Precalculus (6th Edition) Blitzer

Let ${{S}_{n}}$ be a statement involving the positive integer n. If 1. ${{S}_{1}}$ is true, and 2. Let us assume that the ${{S}_{k}}$ be true for some integer $k$. Then, one has to use ${{S}_{k}}$ to prove ${{S}_{k+1}}$ is also true. If one is able to prove ${{S}_{k+1}}$ then by the principle of mathematical induction the statement ${{S}_{n}}$ is true for all positive integers $n$. Firstly, show that ${{S}_{1}}$ is true. For ${{S}_{1}}$ one has And write ${{S}_{1}}$ by taking the its first term on left and substituting n with $1$ on the right. \begin{align} & {{S}_{1}}: \\ & {{\left( \frac{a}{b} \right)}^{1}}=\frac{{{a}^{1}}}{{{b}^{1}}} \\ & =\frac{a}{b} \end{align} Therefore, the statement ${{S}_{1}}$ is true.

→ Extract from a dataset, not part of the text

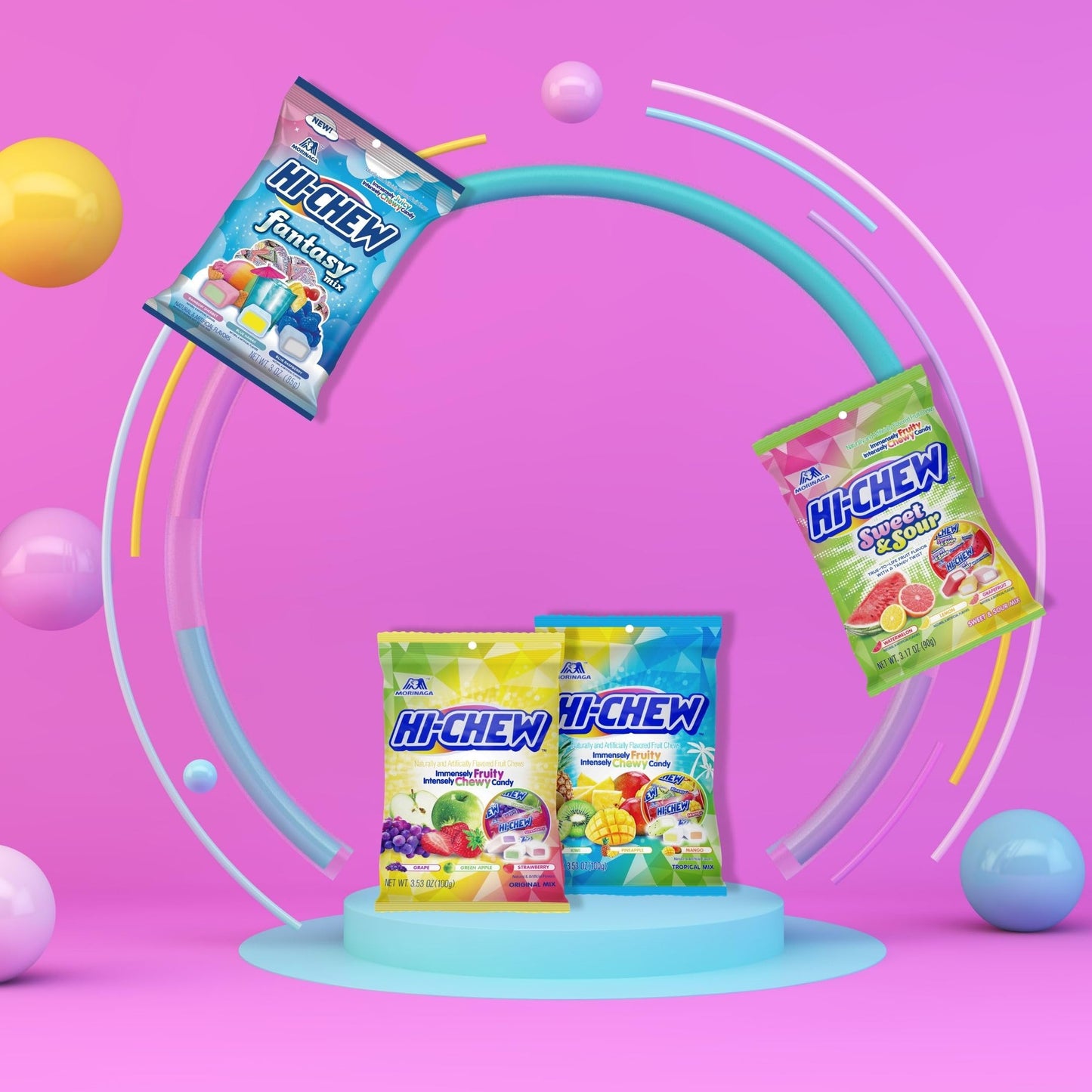 Hi-Chew Variety Mix, Pack Of 4 Bags - 17 Flavor Assort Sweet And Sour Chewy Candy, Unique Fun Soft - Immensely Juicy Fruity Candy Flavors - Individually Wrapped For Sharing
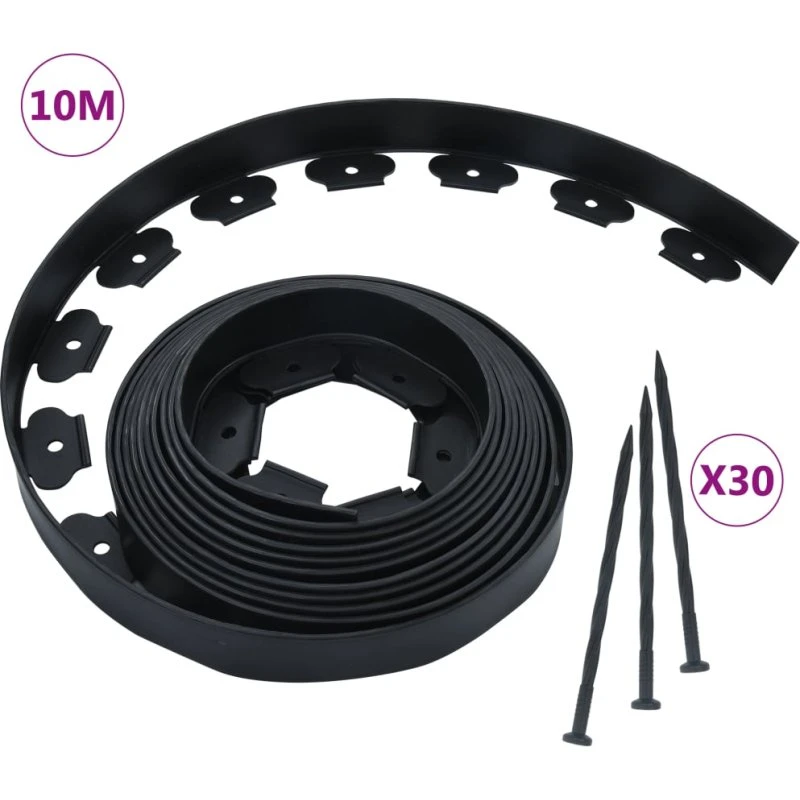 vidaXL fleksibel plænekant 10 m med 30 spyd – 5 cm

Then, let us assume that ${{S}_{k}}$ is true, then ${{S}_{k+1}}$ should also be true by the method of mathematical induction. ${{S}_{k}}:{{\left( \frac{a}{b} \right)}^{k}}=\frac{{{a}^{k}}}{{{b}^{k}}}$ Now, one has to prove ${{S}_{k+1}}$ is true ${{S}_{k+1}}:{{\left( \frac{a}{b} \right)}^{k+1}}=\frac{{{a}^{k+1}}}{{{b}^{k+1}}}$ Since, one assume that ${{S}_{k}}$ is true, ${{\left( \frac{a}{b} \right)}^{k}}=\frac{{{a}^{k}}}{{{b}^{k}}}$ And multiply $\left( \frac{a}{b} \right)$ on the both sides, \begin{align} & {{\left( \frac{a}{b} \right)}^{k}}\left( \frac{a}{b} \right)=\frac{{{a}^{k}}}{{{b}^{k}}}\left( \frac{a}{b} \right) \\ & {{\left( \frac{a}{b} \right)}^{k+1}}=\frac{{{a}^{k+1}}}{{{b}^{k+1}}} \\ \end{align} So, the final statement is ${{S}_{k+1}}$. Thus, by the method of principal of mathematical induction, the statement ${{\left( \frac{a}{b} \right)}^{n}}=\frac{{{a}^{n}}}{{{b}^{n}}}$ is true for every positive integer $n$.